§ **Your goal**:
There are pictures in the records below; leave them out and set down exactly the lines from the one holding "More Photos Of" through the one holding "Luxuriöses Juwel mit".

§ **Data records**:
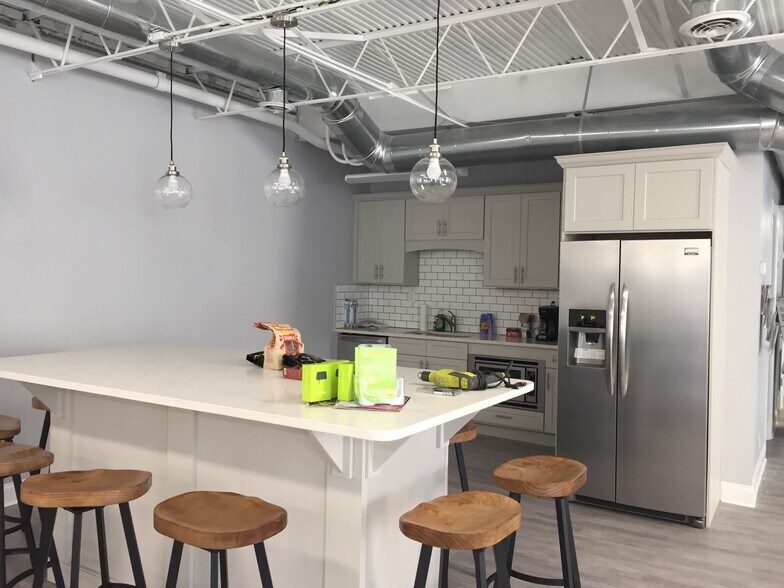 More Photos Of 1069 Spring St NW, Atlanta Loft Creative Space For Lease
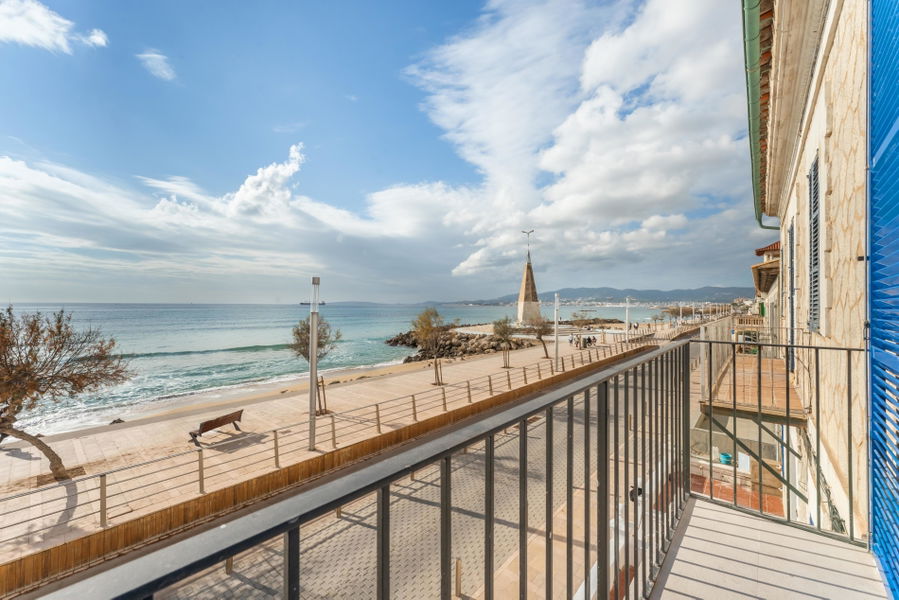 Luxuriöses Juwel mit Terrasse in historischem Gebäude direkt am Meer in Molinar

--

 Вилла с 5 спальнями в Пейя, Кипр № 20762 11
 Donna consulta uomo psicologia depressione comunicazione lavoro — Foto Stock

§ **Solution**:
 More Photos Of 1069 Spring St NW, Atlanta Loft Creative Space For Lease
 Luxuriöses Juwel mit Terrasse in historischem Gebäude direkt am Meer in Molinar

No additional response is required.